**STORED DATA:**
____________
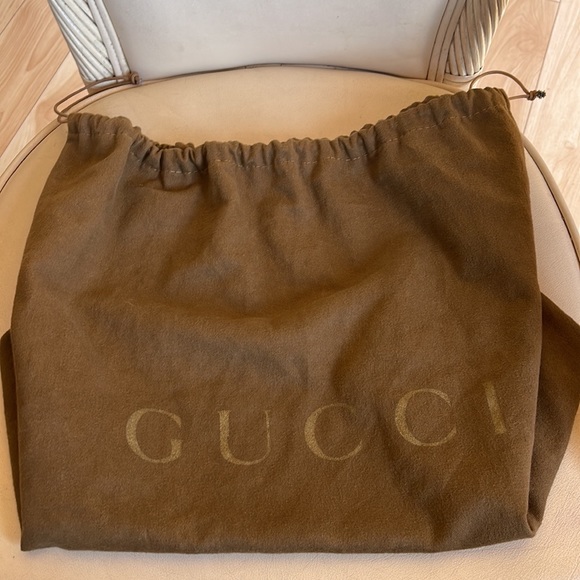 Authentic GUCCI Pelham Purple Studded Calfskin Leather Hobo Bag. Large. - Picture 10 of 12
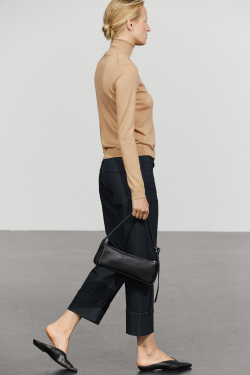 Massimo Dutti Свитер из смесовой шерсти с высоким воротником, цвет верблюжьей шерсти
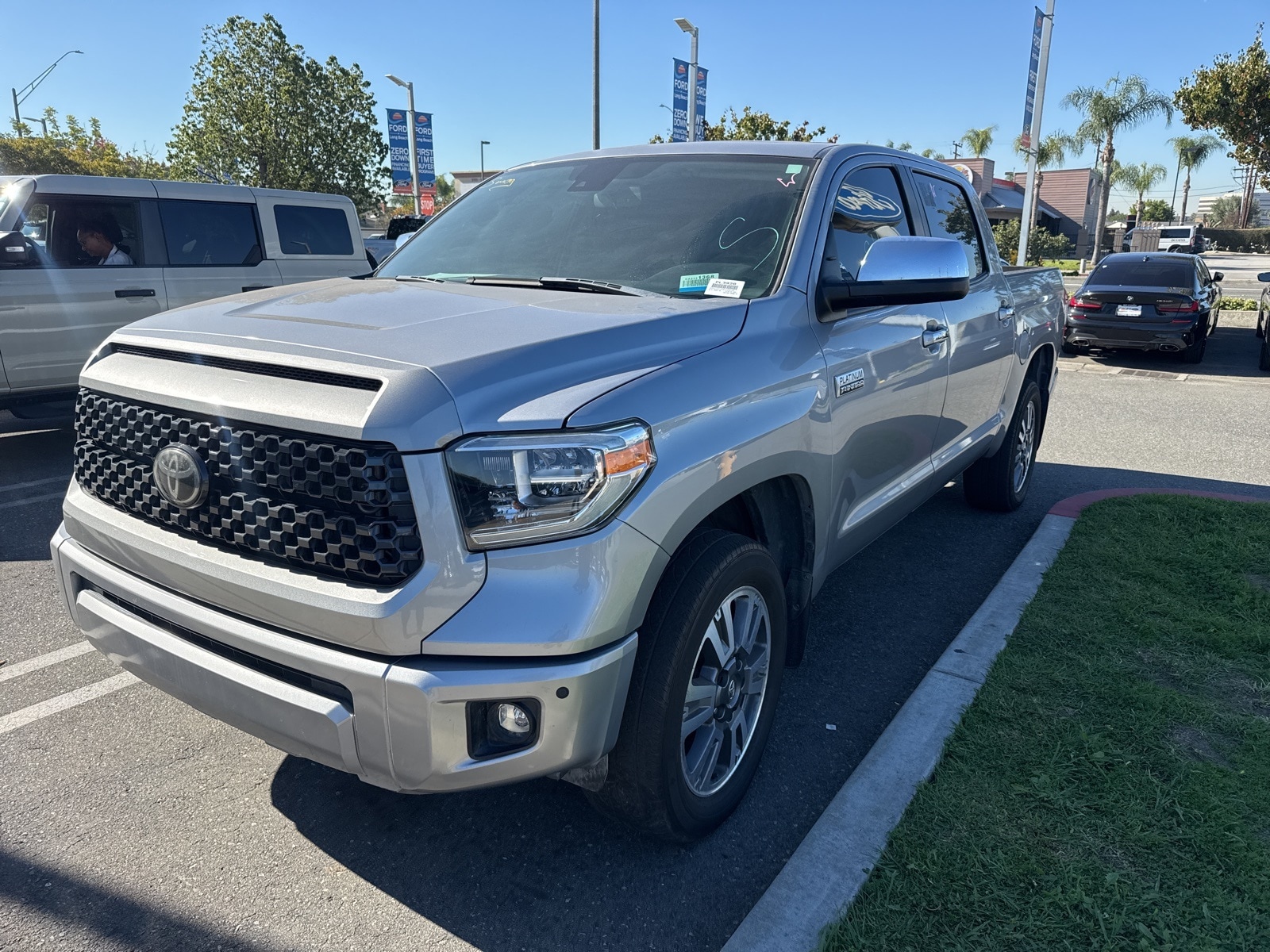 2021 Toyota Tundra Platinum's photo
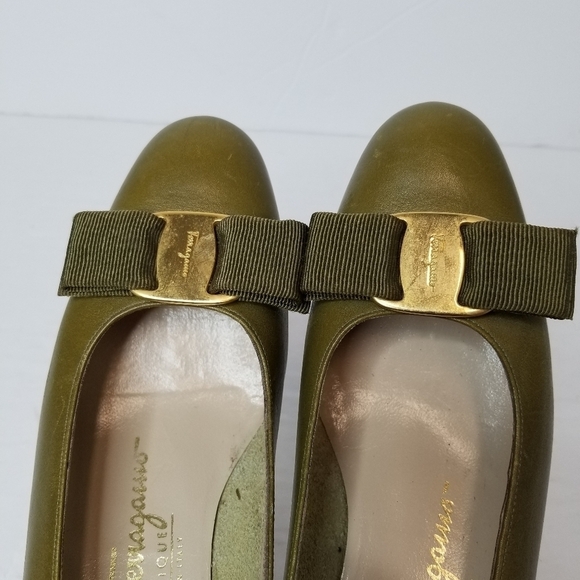 Salvatore Ferragamo heels - Picture 3 of 8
____________
Every line of the listing is to be repeated exactly, and the pictures are to be dropped.

 Authentic GUCCI Pelham Purple Studded Calfskin Leather Hobo Bag. Large. - Picture 10 of 12
 Massimo Dutti Свитер из смесовой шерсти с высоким воротником, цвет верблюжьей шерсти
 2021 Toyota Tundra Platinum's photo
 Salvatore Ferragamo heels - Picture 3 of 8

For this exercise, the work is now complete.